Prospective pleural tumor cell collection and isolation

Fluid isolated from the pleural cavity was collected directly after drainage from patients at the University Medical Center Utrecht and the Netherlands Cancer Institute in Amsterdam. The cells in the pleural effusions were isolated by centrifugation, the erythrocytes were lysed (erythrocyte lysis buffer [pH 7.4]: 75 mm NH4Cl, 5 mm KHCO3, 400 μL 500 mm EDTA, and 500 mL ddH2O), and the remaining cells were either formalin‐fixed and paraffin‐embedded (Cellient; Hologic, 40180I10D0), or cryo‐stored at −80 °C (DMSO). Original diagnoses were made between 2014 and 2017.

Tissue processing

Immunohistochemical staining was performed on both pleural effusion samples and tissue microarrays (TMAs) (Jiwa et al., 2014) from 97 primary tumors and paired solid metastases. Three core biopsies (0.6 mm in diameter) of histologically representative regions of each tumor were used to construct the TMAs. For each FFPE sample, hematoxylin–eosin‐stained slides of the paraffin blocks were reviewed by an experienced breast pathologist (PJvD) to confirm the presence of malignancy. For the pleural effusions, only samples containing at least 20 tumor cells were selected. Ber‐EP4 monoclonal antibody staining (Epcam, 1 : 40, CCI24, DAKO) that labels epithelial tissues, but does not react with mesothelial cells, was used to confirm presence and quantity of tumor cells in the effusions. Due to loss of cores or not enough tumor cells left in the cores, 81/97 cases could be used for the final analyses.

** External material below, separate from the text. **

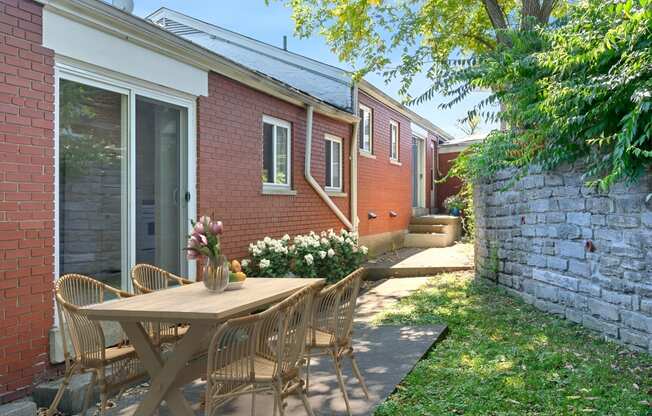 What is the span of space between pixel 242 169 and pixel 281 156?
4.85ft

This study was performed in accordance with the institutional medical ethical guidelines. The use of anonymous or coded leftover material for scientific purposes is part of the standard treatment agreement with patients, and therefore, informed consent was not required according to Dutch law (van Diest, 2002) for patients not actively opting out.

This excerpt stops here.